So much for that.
Elliott Management Corp.'s three-step plan to increase the value of BHP Billiton Ltd. by about 50 percent looks to have been shot down by Australia's government.
Allowing the business to reincorporate in the U.K., a central plank of the proposal, would be "unthinkable," Treasurer Scott Morrison said in a statement Thursday. BHP might be committing a criminal offense if it tried to carry out such an undertaking, he added.
That feels pretty definitive -- but there's still the germ of a good idea to be rescued from the wreckage of Elliott's activist campaign. The second part of the plan is something that Gadfly has long favored -- a separation of BHP's oil and gas business.
BHP is unusual in owning oilfields as well as mines. There are few obvious synergies between the businesses, and since the world's oil majors sold out of their coal units over the past few decades, natural resources companies have tended to focus on either solids or liquids.
As a standalone business, BHP's petroleum division would count as one of the world's major exploration and production companies. Output of 240 million barrels of oil equivalent in the most recent fiscal year would have made it the sixth-biggest purely upstream business globally, according to data compiled by Bloomberg.
It looks even better in terms of earnings. Adjusted Ebitda of $3.44 billion over the most recent 12-month period would put the BHP business behind only China and India's state-owned upstream companies and Anadarko Petroleum Corp., the data show.
What might such a company be worth? Elliott has argued for a spinoff of BHP's assets in the Gulf of Mexico and onshore U.S. and puts a price of $22 billion on the business -- but those assets account for less than half of the unit's earnings, with offshore Australian fields making up most of the remainder.
A bolder strategy would be to separate a more diversified oil and gas business that includes the Australian assets. Based on multiples for Devon Energy Corp., EOG Resources Inc., Anadarko, Occidental Petroleum Corp. and Woodside Petroleum Ltd., BHP's 240 million barrels of annual oil production and $3.44 billion of Ebitda would have an enterprise value as high as $58 billion.

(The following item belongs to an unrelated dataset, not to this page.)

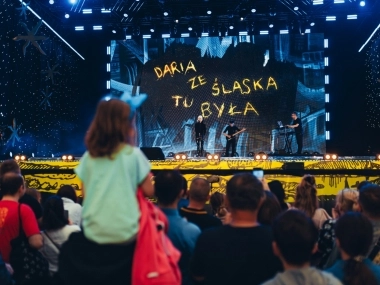  East of Culture European Stadium of Culture 2023 -  Main Concert - 7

That might be overstating it, given BHP's relatively low reserves of oil in the ground. The company would burn through its remaining 1.3 billion barrels of proved reserves in about five-and-a-half years at 2016's production rate, compared with a median of 10 at the peer group. But even on a reserve-based multiple, the business could be worth $31 billion.
BHP investors don't seem to be seeing the value of that in the share price. A very rough sum-of-the-parts valuation of Rio Tinto Group using enterprise value-to-Ebitda multiples gives a valuation of $69.6 billion, pretty close to its current market capitalization of $70.6 billion.
Do the same exercise on BHP's iron ore, copper, petroleum and coal units and you get a figure of about $124.4 billion. That's well above the $86.2 billion the market currently assigns to the company, and pretty much in line with the 50 percent uplift that Elliott sees from its three-part plan. Using the more pessimistic reserves-based multiple for the petroleum unit, it would still be worth $96.4 billion.
Why has BHP remained so reluctant to consider a spinoff, particularly in the wake of its largely successful separation of South32 Ltd.?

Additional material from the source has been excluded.